Whooping cough is a highly contagious bacterial infection of the lungs and airways. The medical term for whooping cough is pertussis.
The condition usually begins with a persistent dry and irritating cough that progresses to intense bouts of coughing. These are followed by a distinctive ‘whooping’ noise, which is how the condition gets its name.
Other symptoms include a runny nose, raised temperature and vomiting after coughing.
The coughing can last for around three months (another name for whooping cough is the ‘hundred day cough’).
Whooping cough is caused by a bacterium called Bordetella pertussis, which can be passed from person to person through droplets in the air from coughing and sneezing.
Treating whooping cough
If whooping cough is diagnosed during the first three weeks (21 days) of infection, a course of antibiotics may be prescribed. This is to prevent the infection being passed on to others.
It is important to take steps to avoid spreading the infection to others, particularly babies under six months of age.
Children with whooping cough should be kept away from school or nursery for five days from the time they start taking a prescribed course of antibiotics. The same advice applies to adults returning to work.
As a precaution, household members of someone with whooping cough may also be given antibiotics and a booster shot of the vaccine.
Antibiotics will not usually be prescribed in cases where whooping cough is not diagnosed until the later stages of infection (beyond 2-3 weeks after the onset of symptoms).

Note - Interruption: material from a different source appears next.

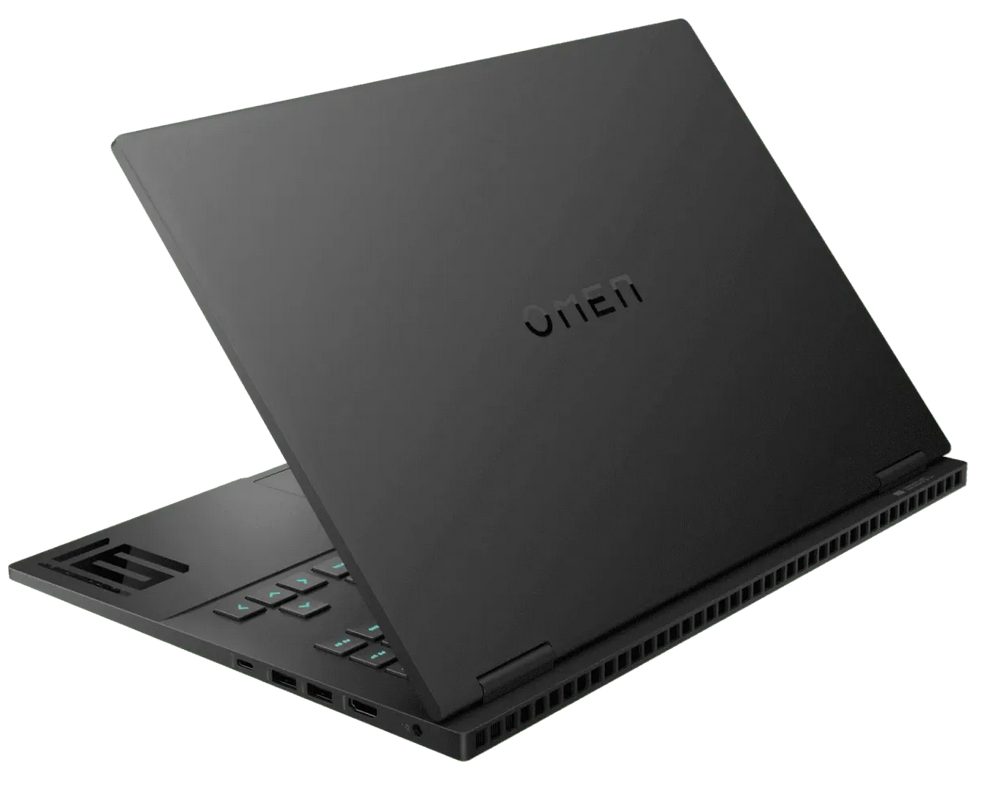 HP Omen 16‑xf0081AX, a high-performance gaming laptop HP Omen 16‑xf0081AX, a high-performance gaming laptop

By this time, the Bordetella pertussis bacterium will have gone by this time so you will no longer be infectious. It is also very unlikely that antibiotics will improve your symptoms at this stage.
Your GP will be able to advise you about how to manage the infection at home using some simple, self care advice, such as ensuring that you get plenty of rest and that you drink plenty of fluids to avoid dehydration.
Babies under the age of six months are likely to be admitted to hospital as they are most at risk of severe complications, such as serious breathing difficulties.
They will be treated in isolation to prevent the infection spreading and will be given antibiotics into a vein through a drip (intravenously).
In the UK, all pregnant women are now to be offered vaccination against whooping cough when they are 28-38 weeks pregnant. Getting vaccinated while you’re pregnant could help to protect your baby from developing whooping cough in its first few weeks of life.
Children are vaccinated against whooping cough at two, three and four months of age, and again before starting school at the age of about three years and four months.
Although the number of cases of whooping cough has fallen dramatically since vaccination began, it is still possible for children to get the infection, so having the vaccination is vital.
The more people vaccinated against whooping cough the less chance there is of them passing on the infection to a young baby in which it could cause serious, and possibly fatal, complications.
The effectiveness of the whooping cough vaccination may fade over time, meaning it is possible to develop the condition during adulthood if you were previously vaccinated.
Who is affected
Due to the success of the NHS vaccination scheme, whooping cough is now uncommon in young children.
Most cases now occur in adults whose immunity has faded and in these cases symptoms tend to be less serious (although having to live with a persistent cough can be both frustrating and unpleasant).
Whooping cough is a cyclical disease with the number of cases peaking every three to four years. The numbers were high in 2012: in the first 10 months of the year, there were 7,728 reported cases in the UK, with 13 babies having died. During the whole of 2011 there were only 910 cases in England and Wales.